How to complete this task -
Write the listing below out again word for word, without a single picture.

Data extract -
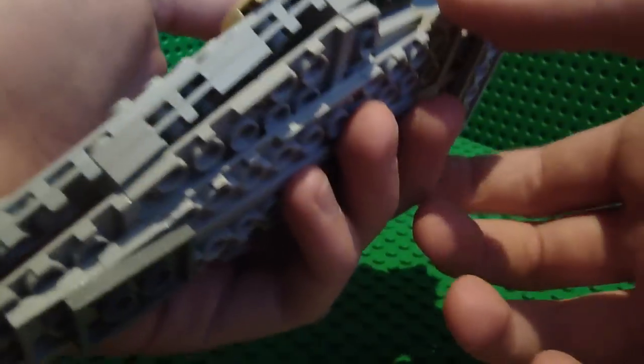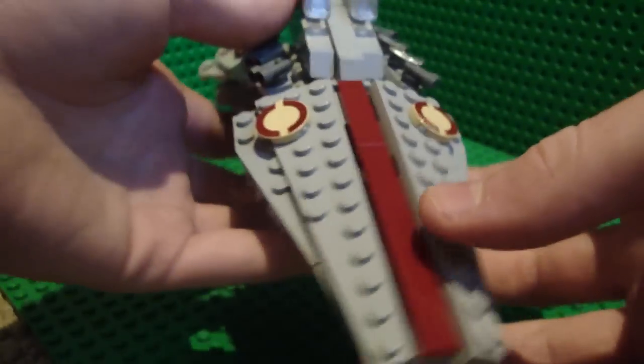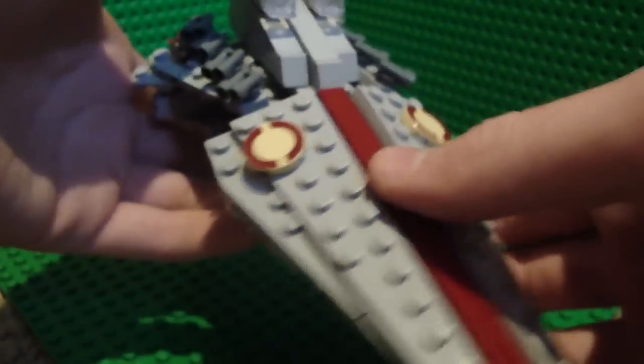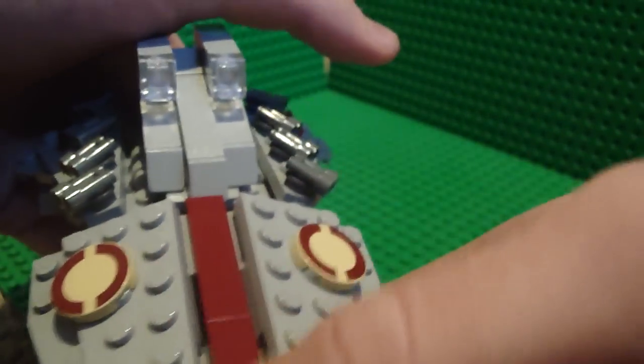As you can see, it's extremely detailed, much better than the last one. And you can see the Republic Stripe go straight down the middle — it's not right at the bottom, it's actually coming out.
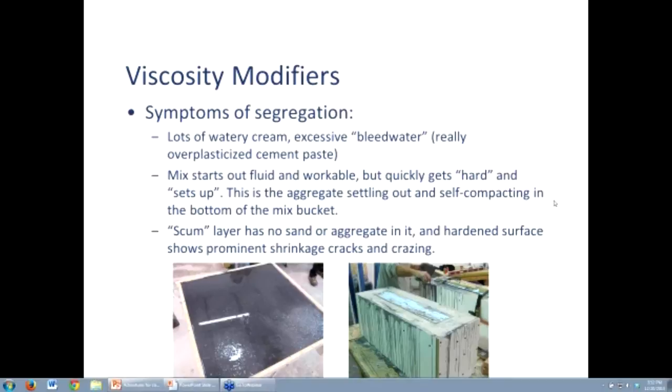Segregation is when all the rocks and sand sink to the bottom, and that squeezes out the cement paste. That cement paste looks like pigmented bleed water. In the photo on the left — done on purpose to illustrate this — this is a charcoal gray concrete made in class with purposely too much superplasticizer. What you're seeing is the cement cream, the binder — a very low water-cement ratio cement cream — being squeezed out and forming an excess scum layer on top.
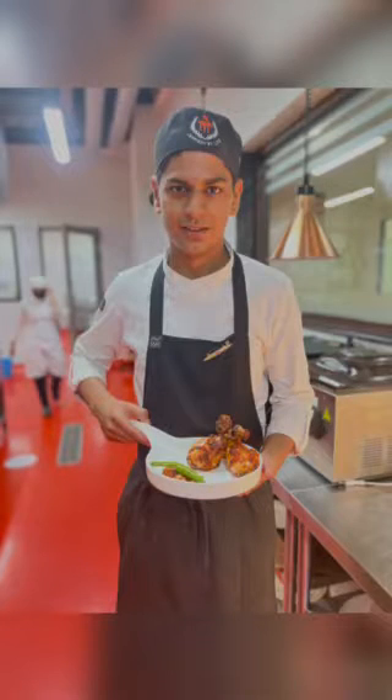Hello, I'm Yashwani, a second year BHM student from Vaksha Manipal, and this is my recipe of Korean Tangadi Kebabs.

Result for this task -
As you can see, it's extremely detailed, much better than the last one. And you can see the Republic Stripe go straight down the middle — it's not right at the bottom, it's actually coming out.
Segregation is when all the rocks and sand sink to the bottom, and that squeezes out the cement paste. That cement paste looks like pigmented bleed water. In the photo on the left — done on purpose to illustrate this — this is a charcoal gray concrete made in class with purposely too much superplasticizer. What you're seeing is the cement cream, the binder — a very low water-cement ratio cement cream — being squeezed out and forming an excess scum layer on top.
Hello, I'm Yashwani, a second year BHM student from Vaksha Manipal, and this is my recipe of Korean Tangadi Kebabs.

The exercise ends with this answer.